Now, previously in the Julia 0.4 timeframe, the Julia version was about half as fast as the Fortran/C++ versions. That version used the Devectorize package, which seems to have been unmaintained now for several years. I was unable to make it work with julia 0.6.x, not to mention 1.0. However, it seems that as of Julia 0.6 there is the “@.” macro which does roughly the same as the @devec macro from Devectorize(?). With @. for a few critical operations, Julia 1.0 is a factor of 1.7 slower than Fortran. Without @., about a factor of 2.1 slower.

However, if I rewrite those expression as manual loops, Julia is only a factor of 1.1 slower than Fortran, that is, more or less the same! Very impressive!

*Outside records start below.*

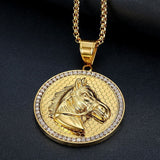 Gold horse necklace nz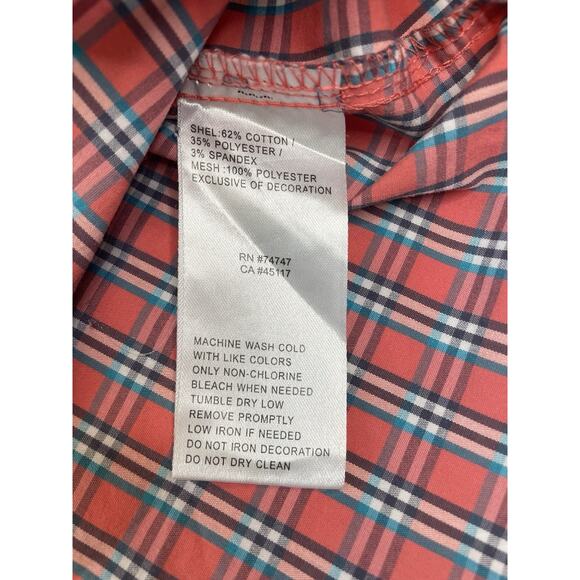 Worldwide Sportsman Mens 2XL Fishing Shirt Vented Salmon Short Sleeve Button Up - Picture 6 of 9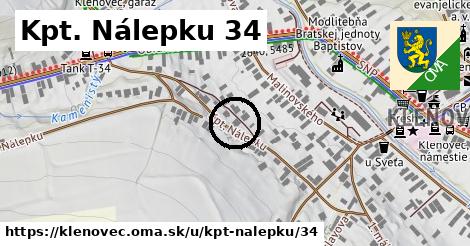 Kpt. Nálepku 34, Klenovec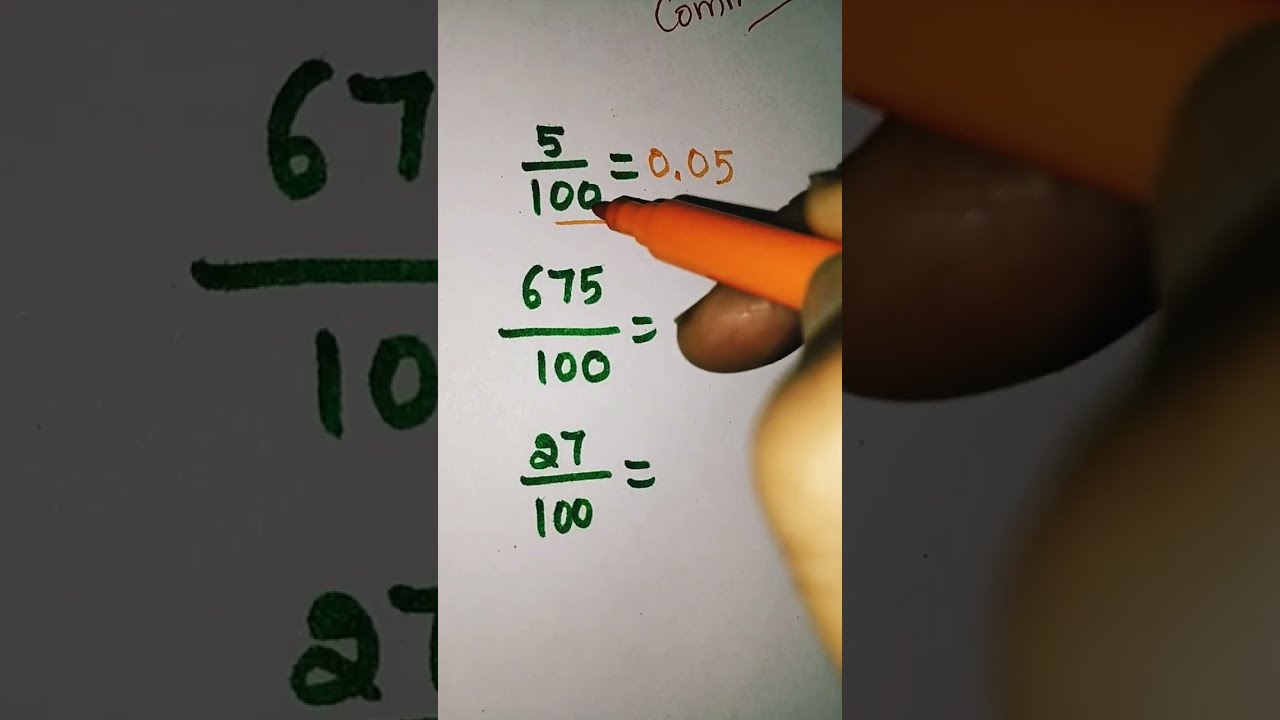 How To Convert Fraction Decimal Point Tricks 2023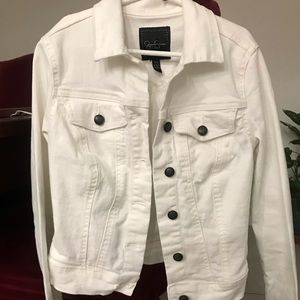 White jean jacket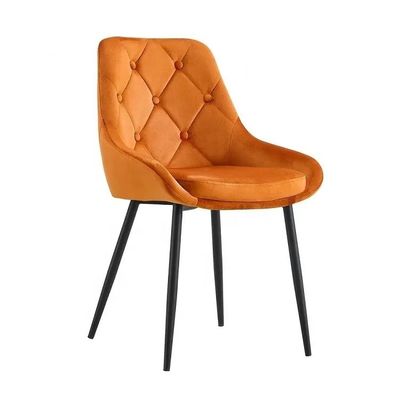 comprar Mobiliário de sala de estar confortável e durável Tecido Cadeira de jantar de veludo Tamanho do produto 560*560*840mm Fabricação em linha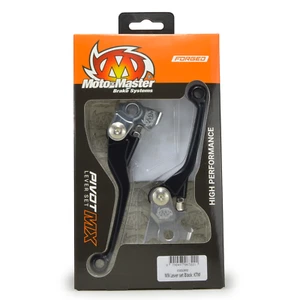MOTO MASTER 0101352 PIVOT LEVER SET BLACK KAWASAKI KX 112 2022 - Imagen 1 de 1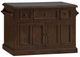 HH2 Home Tuscan Retreat® Rustic Mahogany Large Granite Top Kitchen Island-0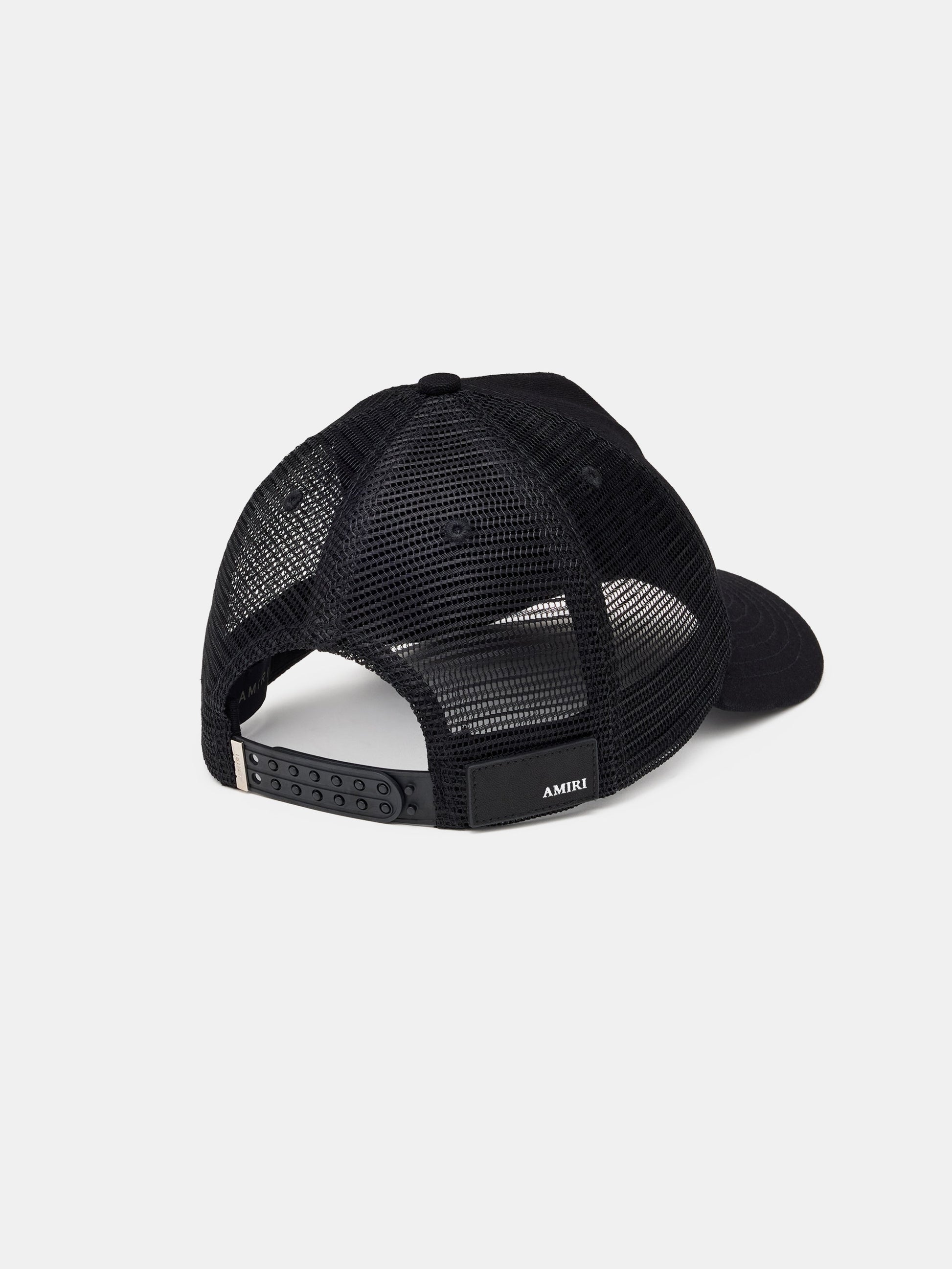 Crystal 3 Star Trucker Hat - Black Black | Amiri Special Offer
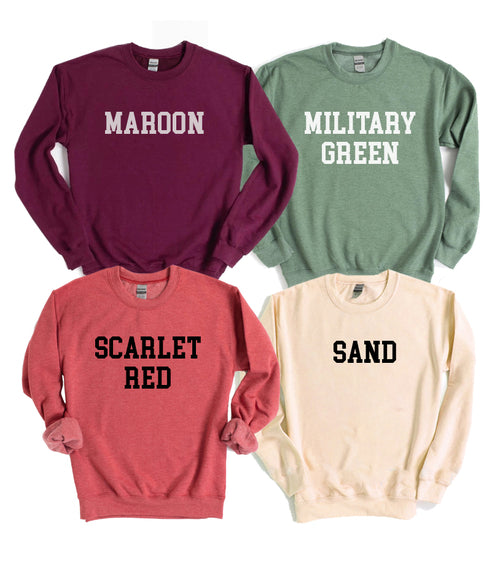 Sweatshirt Unisexe Faith – Col Rond Coton/Polyester | Faith Unisex Crew Neck Sweatshirt
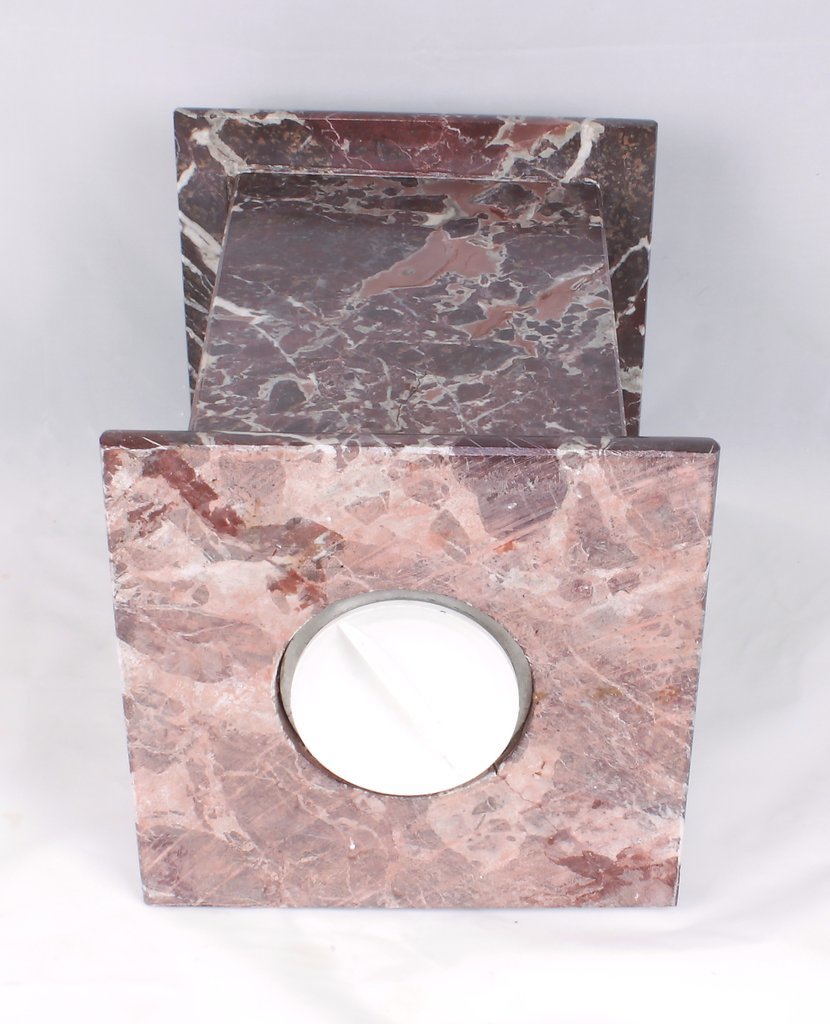 Polishing Red Tall Marble Urn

Although slightly disappointing that I had to resort to writing manual loops for performance. Is there some trick I’m missing? The expressions in question are all of the form

@. v[:] = atoms[bj,:] - atoms[bi,:]

which I rewrite as an explicit loop like:

for z = 1:3
v[z] = atoms[bj,z] - atoms[bi,z]

Does Julia create a copy as part of the slicing operation, or what makes the array syntax slow? The @time macro does report a lot of allocations due to this, whether it’s an actual copy, an array descriptor for the slice, or whatever. Allocations for one particular case:

  • Unoptimized: 3.83 M
  • Using @.: 2.55 M
  • Explicit loops: 4

Is there anything that can be done here?

1 Like

You want to do

@views @. v = atoms[bj,:] - atoms[bi,:]

But there is a performance regression on Julia v1.0 which does currently slow down broadcasting.

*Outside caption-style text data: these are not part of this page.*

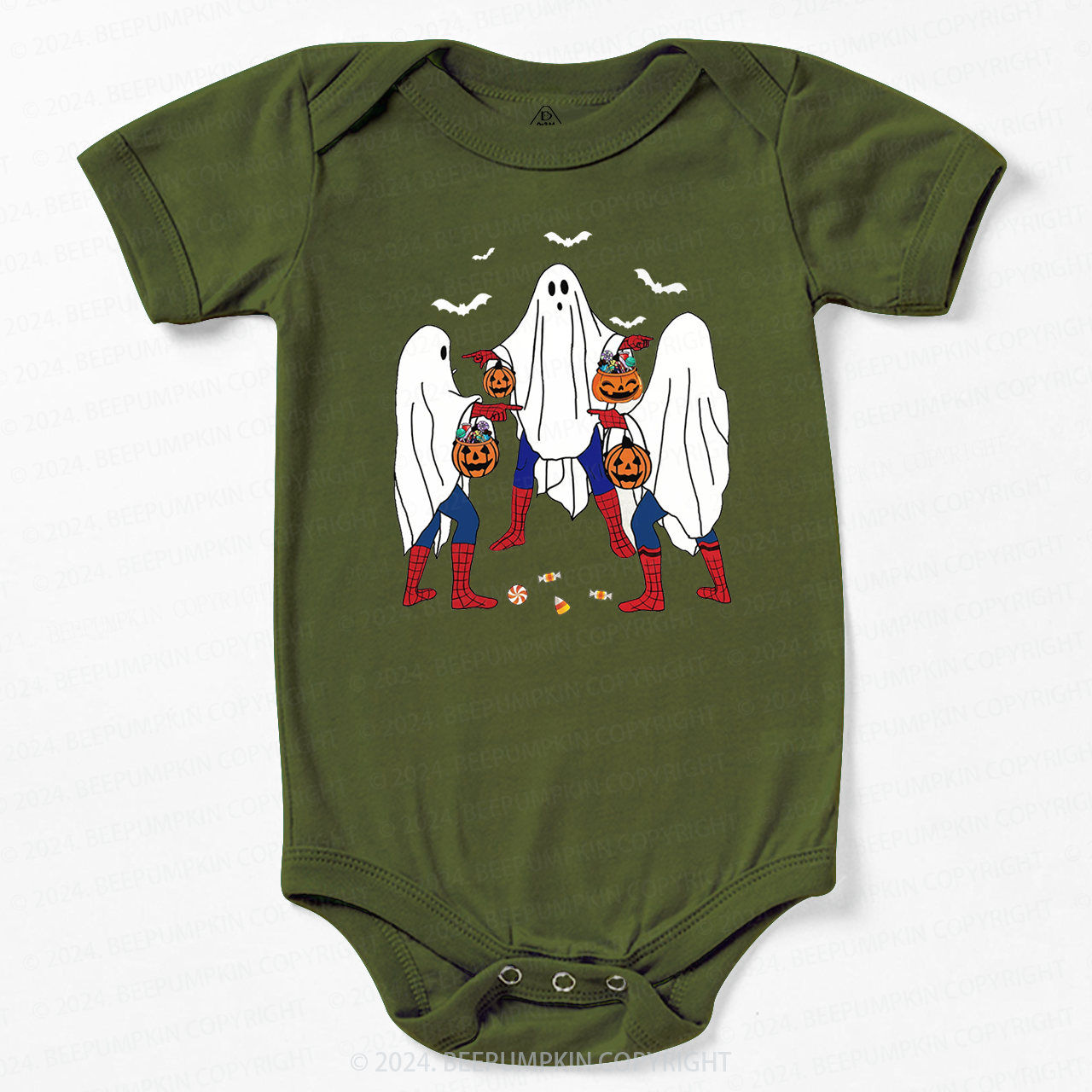 Halloween Cute Goost Baby Bodysuits 
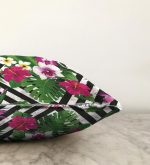 Kara Zigzag Desenli Ogea Motifli Dekoratif Raşel Kadife Yastık Kırlent Kılıfı Realhomes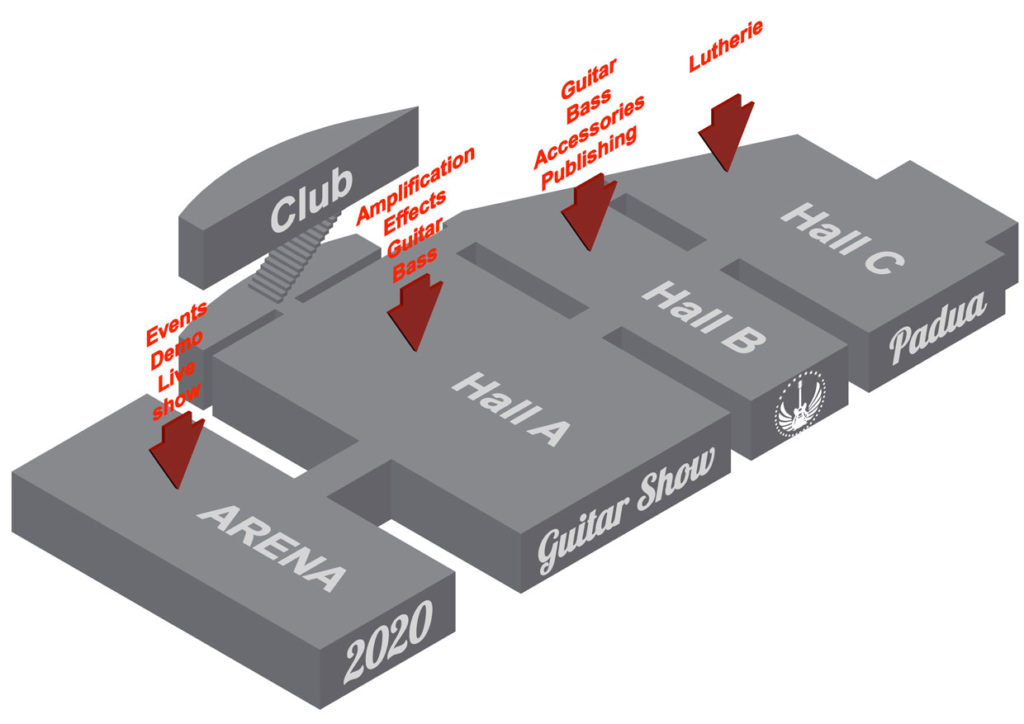 Guitar Show layout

(Note: Don’t forget to @inbounds or @inbounds @simd that for loop in the benchmarks :slight_smile:)


That sounds like a great benchmark.

Yes, that’s precisely what happens — slicing isn’t able to be “devectorized” like all other function calls. You can use @views alongside the @. macro to instead make slicing return a lazy view instead of a copy.


Also, try julia -O3 and @simd.

1 Like

You are also using an access pattern optimal for row major storage, whereas Julia uses column major storage. Flip the array dimensions and you might see increased performance.

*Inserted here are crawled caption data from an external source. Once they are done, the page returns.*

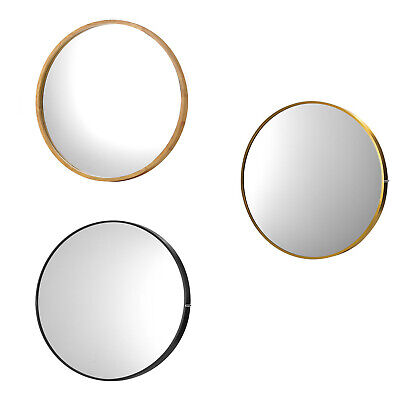 Oikiture Wall Mirrors Round Makeup Mirror Home Decor 50/60/70/80/90cm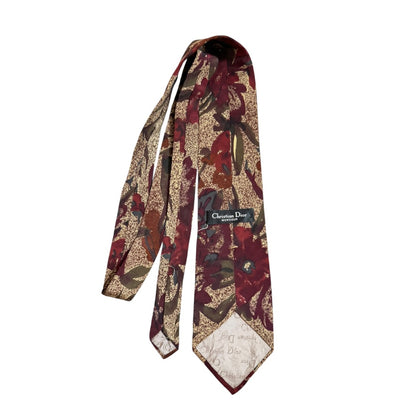 Christian Dior Vintage Silk Tie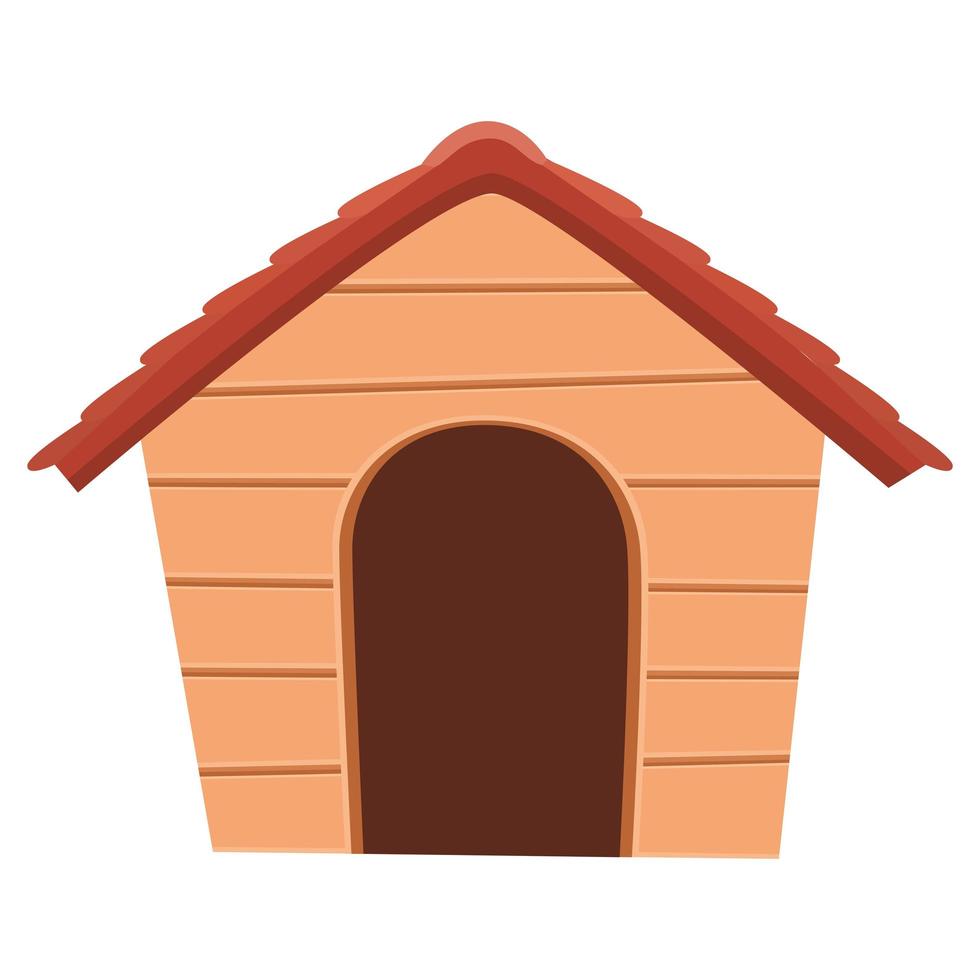 pretty doghouse design vector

If the second dimension is small and you always use it together, not only would it be better to transpose it, but using an Array of SVectors (from StaticArrays.jl) would likely help too.

1 Like

Thanks for all the suggestions. A little more experimenting showed that for this particular case:

  • @views helps a bit
  • -O3 doesn’t seem to have any effect
  • transposing the atoms array did help a little bit. Surprisingly little, but my largest atoms array is about 10 kB, so it all fits in L1 cache anyhow. I guess the biggest benefit might be to enable SIMD, but OTOH with only 3 elements the benefits of SIMD are, well, minute.

All in all, with transposed atoms array I got:

  • Explicit loops + @inbounds @simd: 0.96 x Fortran
  • Slices with @views @.: 1.34 x Fortran

Pretty nice!


Being able to see the code would be nice.


I’d love to, but the code was originally a homework exercise for a course, and AFAIK they are still giving this course, so it’d be a bit bad style to give out the exercise answer. Come to think of it, I should ask if they are still using this same exercise, if not I guess there’s nothing to prevent releasing it.


Well, to wake up this semi-zombie thread, I asked and got permission for releasing the code, wooo! So here it is: https://gitlab.com/jabl/tb

Please let me know if you have issues running it, or any other feedback for that matter!